Exercise data
┄┄┄┄┄┄

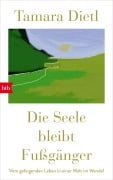 Cover-Bild zum Titel 'Die Seele bleibt Fußgänger' von 'Tamara Dietl'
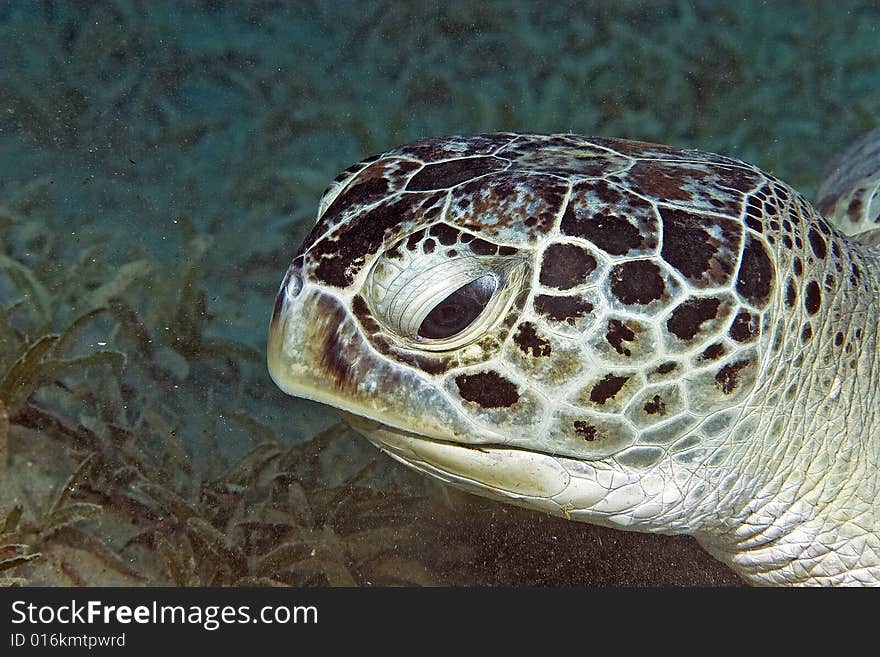 Green turtle (chelonia mydas) taken in the Red Sea.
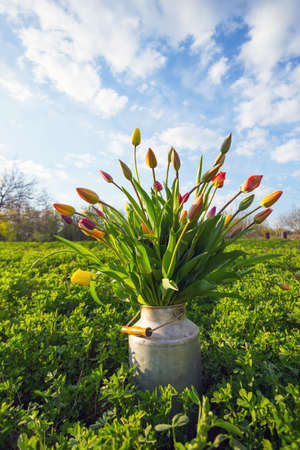 huge bouquet of multicolored tulips in an old can in the garden at sunset. spring and gardeningの写真素材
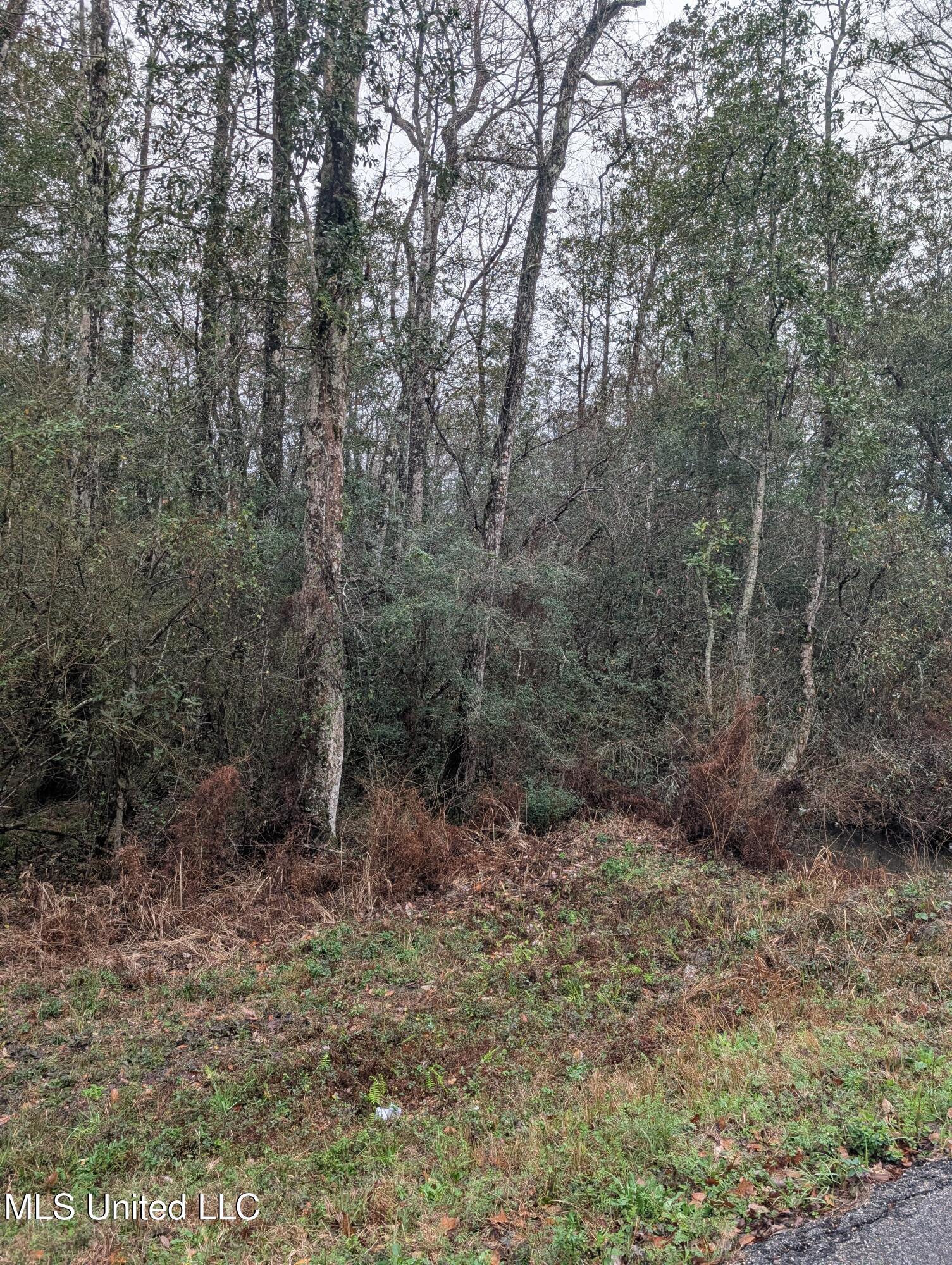 Property Photo: 5th Avenue MS 39520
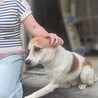 断脚手術を乗り越えたまつくん サムネイル3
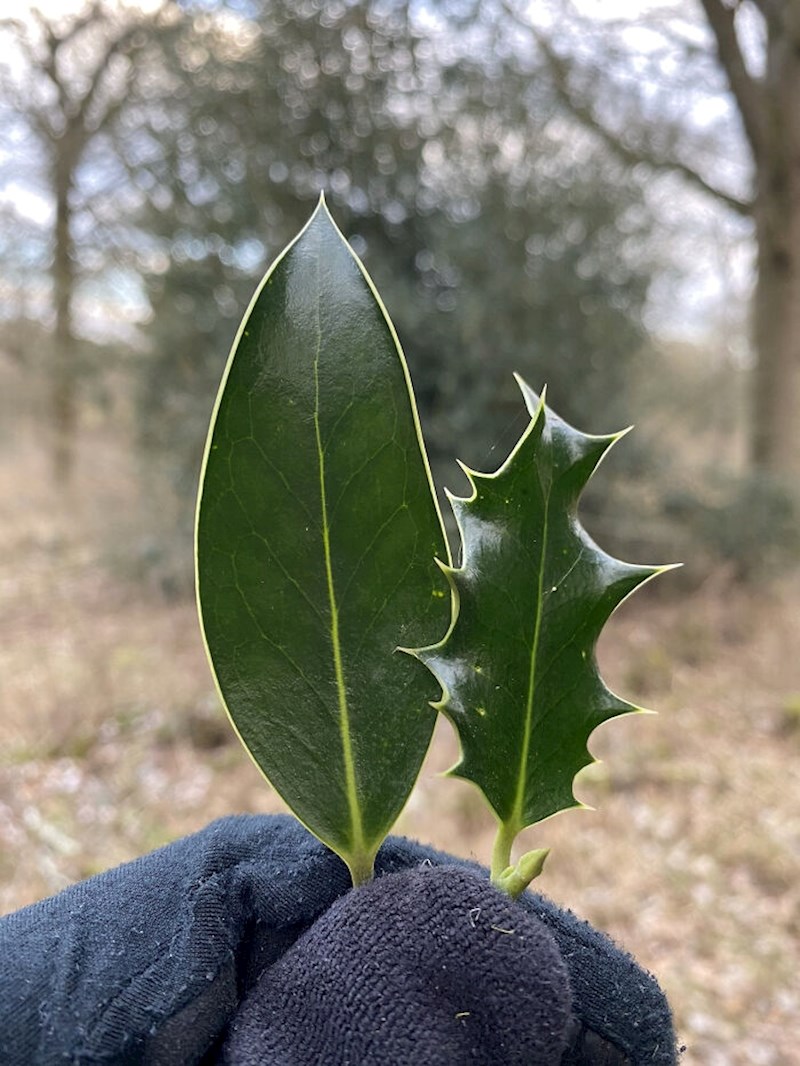 Razlika između lista božikovine s gornjih  i donjih dijelova biljke. Jeleni se hrane ovom biljkom, pa je ona "uzvratila" oštrim rubovima listova na donjim, lakše pristupačnim dijelovima biljke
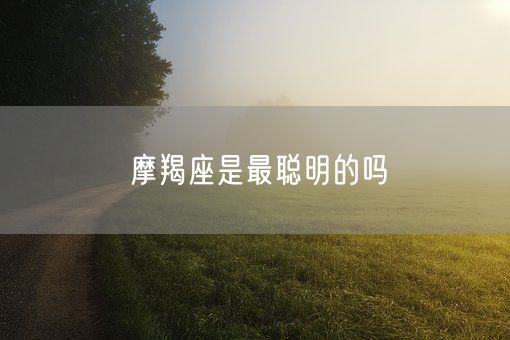 摩羯座是最聪明的吗(图1)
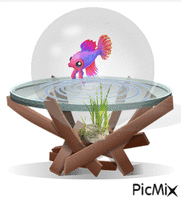Fighting Fish - Darmowy animowany GIF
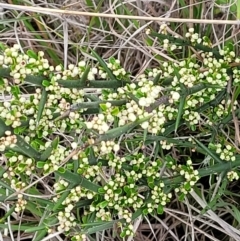 Discaria pubescens at Paddys River, ACT - 3 Oct 2021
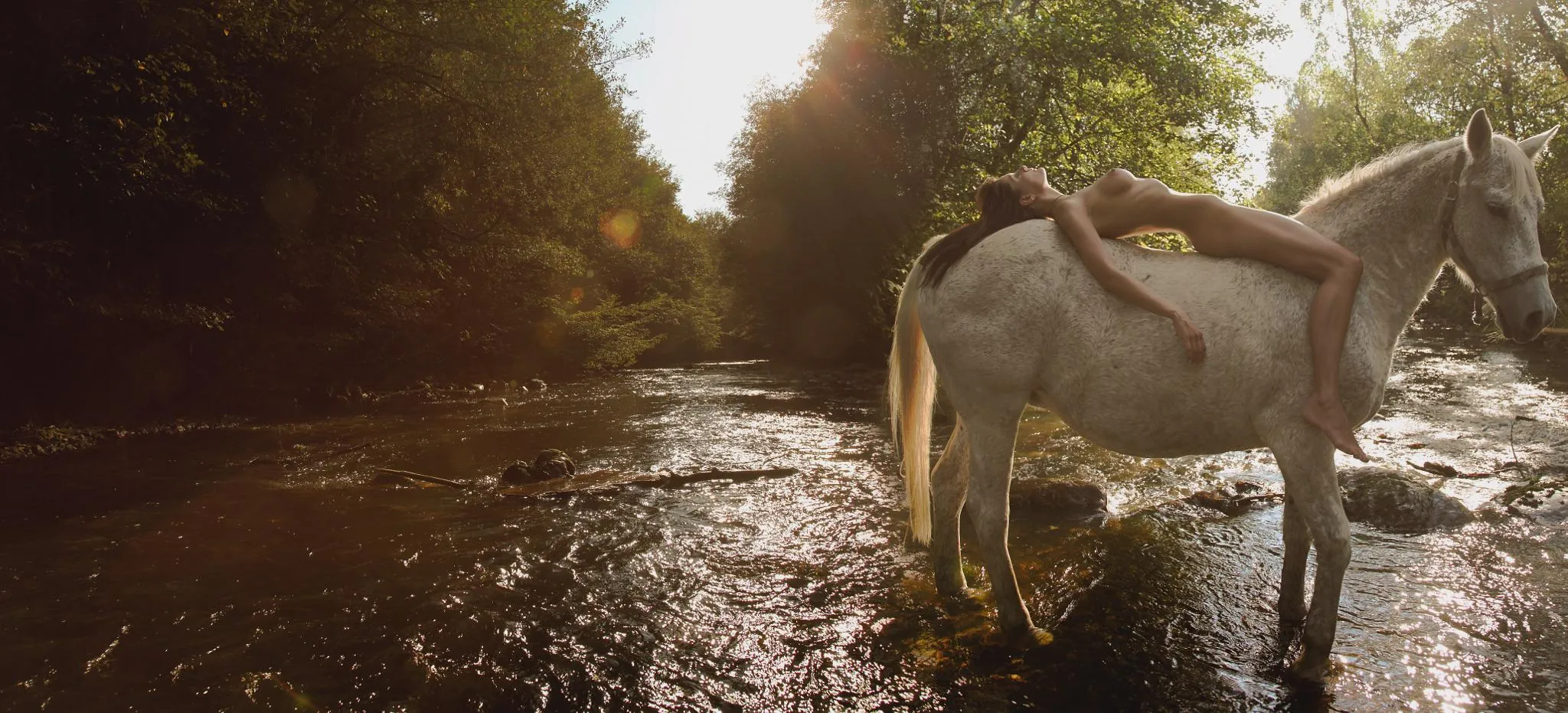 Echoes of the Summer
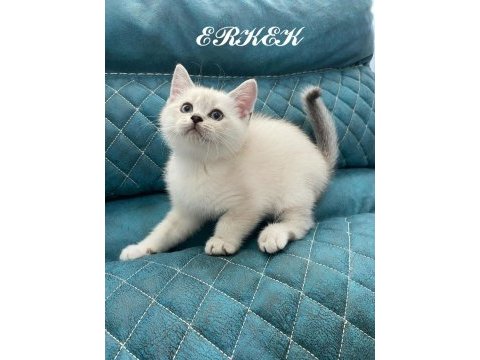 British shorthair blue point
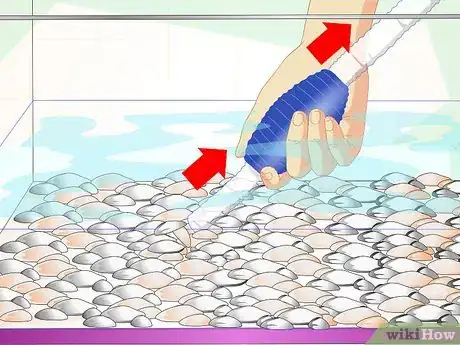 Imagen titulada Fix Cloudy Aquarium Water Step 6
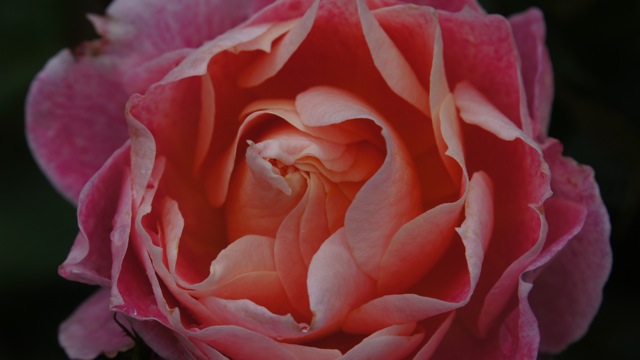 picture of rose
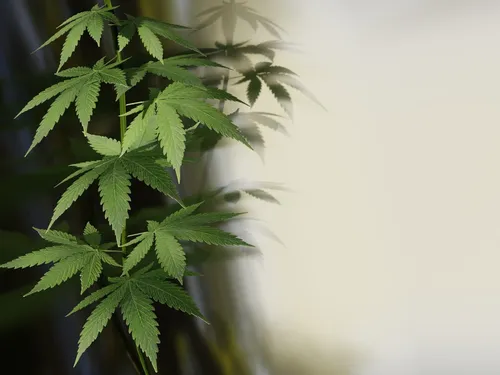 Saint-Jacques-de-la-Lande : la dépénalisation en question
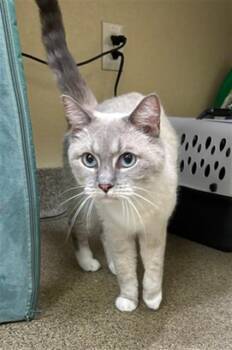LEXI -  Domestic Short Hair Cat for Adoption in Fort Myers, Florida - LEXI | PetCurious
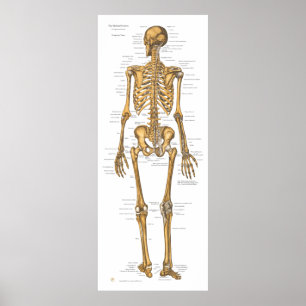 Póster Human Skeleton System Anatomy Chart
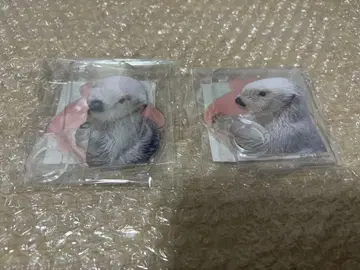 캡슐 복권 x 토바 수족관 랏코의 메이짱 복권 리턴즈!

┄┄┄┄┄┄

Your assignment
Your copy must begin at the line containing "picture of rose" and end at the last line of the material above. Reproduce each line exactly, but not the pictures.

Solution for this problem
 picture of rose
 Saint-Jacques-de-la-Lande : la dépénalisation en question
LEXI -  Domestic Short Hair Cat for Adoption in Fort Myers, Florida - LEXI | PetCurious
 Póster Human Skeleton System Anatomy Chart
 캡슐 복권 x 토바 수족관 랏코의 메이짱 복권 리턴즈!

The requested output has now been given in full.